LeT now biggest threat to US: report
Juan Zarate, the deputy national security adviser for counter-terrorism in the Bush administration, told the Chicago Tribune that even before the Mumbai terrorist attacks last November, the FBI and other US intelligence agencies were focussing on LeT as the next big threat to US security.
“We are and should be concerned about the threat LeT poses, given its global network,” Mr Zarate said in an interview published on Sunday. “It doesn’t just reside in South Asia. It is an organisation that has potential reach all over the world, including the US.”
The report claimed that the LeT threat had become one of the most crucial national security and diplomatic challenges for the Obama administration and Congress.
Bruce Riedel, chairman of the Obama administration’s Pakistan-Afghanistan strategy review team, said he believed such a “global jihadist syndicate” of disaffected young Pakistanis was the most likely mechanism for launching an attack on US soil. Mr Riedel said Mumbai was only the latest of several attacks by such militants on soft targets frequented by Americans, including hotels in Kabul and Islamabad.

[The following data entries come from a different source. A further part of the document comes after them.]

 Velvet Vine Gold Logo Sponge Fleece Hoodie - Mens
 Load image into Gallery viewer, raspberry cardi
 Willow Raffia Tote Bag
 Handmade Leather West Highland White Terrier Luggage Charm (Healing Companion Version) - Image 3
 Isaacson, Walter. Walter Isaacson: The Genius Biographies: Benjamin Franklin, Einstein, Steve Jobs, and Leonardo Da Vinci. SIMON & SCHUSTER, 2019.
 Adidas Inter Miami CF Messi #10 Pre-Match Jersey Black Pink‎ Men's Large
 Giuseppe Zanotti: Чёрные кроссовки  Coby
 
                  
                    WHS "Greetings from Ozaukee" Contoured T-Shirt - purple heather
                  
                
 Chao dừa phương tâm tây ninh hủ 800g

FBI Director Robert Mueller also highlighted the concern in a recent speech, saying US authorities fear a Mumbai-style commando attack on the mainland and such militants from “less well-known terrorist groups ... are merely an e-ticket away from the United States”.

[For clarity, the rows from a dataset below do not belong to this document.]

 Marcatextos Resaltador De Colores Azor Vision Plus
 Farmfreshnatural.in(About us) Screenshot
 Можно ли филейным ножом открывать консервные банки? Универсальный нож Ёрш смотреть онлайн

FBI intelligence chief Donald Van Duyn recently told Congress that the bureau was investigating “a limited number” of people in the US with suspected links to the Lashkar but that there was no evidence the group had an organised US presence.
The Tribune reported that Washington wanted Pakistan not only to dismantle LeT but also other similar groups founded during the Afghan war or later to fight India in Kashmir.
Quoting US and allied intelligence sources, the report claimed that potentially tens of thousands of Pakistanis had been trained in Lashkar’s guerrilla camps in Pakistan, many of whom had gone on to work with Al Qaeda. That includes a small number of US residents, some of whom are believed to have returned to the United States. Nearly a dozen Americans, including many members of the so-called Virginia jihad network, have been convicted in US courts of training at Lashkar camps and conspiring to provide material support to the group.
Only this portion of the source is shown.